Testimonio del tanquista germano J. W. Oechelhauser sobre un ataque de lobos.
“…Los tanques restantes del regimiento formaban una posición de defensa en redondo en alguna parte del campo abierto. Desde hacía más de tres días las tripulaciones no llegaron a saborear comida caliente. Allí estaban los vehículos parados e inmóviles. Ya no quedaba gasolina, y a pesar del líquido protector contra el frío, el agua de los radiadores formaba masas de hielo compacto. ¡Hay de aquel que tocara, sin los guantes puestos, el acero de las paredes de los carros! Sus manos quedarían pegadas al acero y si pretendiera desprenderlas, perdería la piel del todo.
En el interior del tanque, un soplete de soldadura permanecía emitiendo ruidos feos y agresivos. Su finalidad era servir de algo así como calefacción. Mas eso era pedir mucho a esa lámpara de soplete; no tenía tanta fuerza como para calentar el interior. Humeaba y apestaba y su combustible apenas alcanzaría para algunas horas más. Luego, seguramente se apagaría y con ella la pequeña ilusión de calor.
Esperábamos que nos llegaran gasolina, alimentos y refuerzos. Pero nuestras esperanzas no se realizaron y aquellas municiones que nos podrían haber facilitado un rompimiento del cerco, fueron empleadas para rechazar los diarios ataques del enemigo. Éramos aún cuatro hombres y cada media hora nos relevábamos en el puesto de guardia en la torreta.
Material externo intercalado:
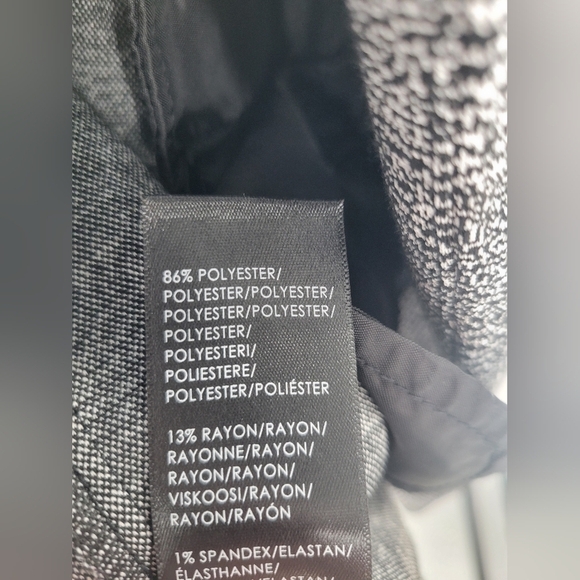 Liverpool Open Front Blazer Black White Size S - Picture 3 of 5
Esto significaba que en doce ocasiones al día cada uno de nosotros tenía que exponer su cara negra por la grasa de motor que nos untábamos, a la mordaz furia de la tempestad de nieve; doce veces al día durante treinta minutos temíamos cada quien un nuevo ataque de los rusos y doce veces al día durante treinta minutos se avivaba en cada uno de nosotros, la fútil esperanza de ver por fin la llegada de nuestros refuerzos.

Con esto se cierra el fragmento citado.